“The Lewis restaurant is the popular headquarters for meals and lunches. Meals 25 cents, lunches 5 cents up, Sunday dinner 35 cents. Sandwiches, all kinds, 5 cents. Oysters served in all styles. Soft drinks and cigars.” This was an ad from the Monroe Evening Times on October 22, 1908. Granville Lewis opened a restaurant in June 1908 in the east part of what later became the Marco’s building (across from the post office) and closed it about a year later.
Nine months earlier Frank Millman, who operated a dry goods, clothing, and hardware store in the Syndicate Block, had advertised gent’s suits for $10, $12, or $14. Ladies’ suits sold for $4 and up and boys’ suits from $3. He also advertised that ladies’ coats and misses’ coats and jackets were “at your own price.” I have no idea what that meant. It sounds like he might negotiate a price. He also said, “We can suit you on prices of lace goods and dress goods.”
Whenever I see ads like this, I think that I would like it if we had the same prices today. But we must also consider what the wages were at the time. On February 13, 1908, there was a news story that said that potatoes were retailing for $1 a bushel in Monroe. Imagine planting potatoes in the spring, tilling them, digging them in the fall and selling them to a retailer who will then sell them for this price. The article also stated that potatoes were selling in Chicago for 83 to 90 cents a bushel in carload lots. As seen in the Young advertisement printed here from December 15, 1908, a quart of cream sold for $0.45. The cream was produced and bottled by Lee Legler, rural Juda. The consumer would receive five cents back when the empty bottle was returned to Young & Co.
There was a notice in the paper on April 2, 1910 that, because of the “advance in cost of materials and general expenses,” the Monroe plumbers were increasing their hourly charge for labor from 50 to 65 cents beginning on April 4 E. N. Churchill, Niles & Hartnatt, and Monroe Plumbing and Heating were the plumbers listed on the ad.
On June 9 of the same year the members of the Green County Medical Society agreed that their fees would all be the same. They would charge $1.50 for a visit in the city (or village) if it was between 6 a.m. and 9 p.m. If it was during the night, the charge was $2.00. A visit to the country was charged at 75 cents per mile one way with an additional charge of $1.00 during the day or $2.00 at night. The doctors listed in the ad were: F. L. Hodges, W. B. Monroe, W. G. Bear, N. A. Loofbourow, J. F. Mauerman, George Seiler, R. B. Clark, L. A. Moore, W. B. Gnagi, F. J. Helgeson, S. R. Moyer, H. B. Gifford, and S. R. Moyer.

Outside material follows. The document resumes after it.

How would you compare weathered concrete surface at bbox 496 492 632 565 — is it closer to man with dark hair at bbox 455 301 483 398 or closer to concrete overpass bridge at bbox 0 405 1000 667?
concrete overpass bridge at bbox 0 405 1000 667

An article printed before Thanksgiving that year stated that turkey was a real luxury. Not only was the price high, but the city demand was so high that it was “a wonder that the bird is on the local market.” The fowl was to retail for 22 cents a pound and every dealer was offered this price for all he could ship to Chicago. One dealer was even offered an additional two cents per pound for all he could ship before Thanksgiving. Geese were selling for 12.5 cents, ducks for 15 cents, and chickens at 14 and 15 cents. These birds seemed to be plentiful. Eggs and butter were also included on the list of luxury items for Thanksgiving in 1910. Eggs were retailing for 30 cents a dozen while creamery butter was selling for 37 cents.

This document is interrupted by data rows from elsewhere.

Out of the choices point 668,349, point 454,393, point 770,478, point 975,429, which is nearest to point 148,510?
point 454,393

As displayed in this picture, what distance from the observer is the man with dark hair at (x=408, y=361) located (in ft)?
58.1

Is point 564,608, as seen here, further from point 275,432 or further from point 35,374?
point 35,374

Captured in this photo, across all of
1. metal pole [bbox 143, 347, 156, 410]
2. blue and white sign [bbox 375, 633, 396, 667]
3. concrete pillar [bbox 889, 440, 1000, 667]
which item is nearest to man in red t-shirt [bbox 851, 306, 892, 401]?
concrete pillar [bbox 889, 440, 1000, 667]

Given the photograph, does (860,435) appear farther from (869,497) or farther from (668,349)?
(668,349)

There was a newspaper article the following year that stated there were plenty of turkeys available in 1911 and they were then selling for 20 cents a pound. The editors stated that there would be plenty of chickens, ducks, and geese for those who could not afford turkey. Geese were selling for a “shilling a pound” while the abundance of chickens were “retailing at the reasonable price of 12 to 14 cents.” Ducks were again selling for 15 cents per pound. Cranberries were also to be found in large quantities and were the choicest of fruit. Merchants claimed that they were the best that had ever been sold on the local markets and were selling for 13 cents per pound. The berries were fine and large and expected, as usual, to be “prominent among the delicacies on the Thanksgiving table.” The price was the same as it had been the previous year.
I used to think how wonderful it would be to be able to purchase some of the items like those listed here for these prices today, but it wasn’t such a great deal when we consider what people earned back then. Young people today can’t imagine working for the amount we did in our early years. I believe that I made $1.45 an hour at Schultz Pharmacy in 1967. If I remember correctly, I could buy a 16-ounce glass bottle of soda from a vending machine for 10 cents at that time. It is all relative. I often think of how expensive long distance calls were 50 years ago compared to our earnings. Photo film processing was another one that I felt became cheaper as time passed. Of course, film is something that many young people might not understand today.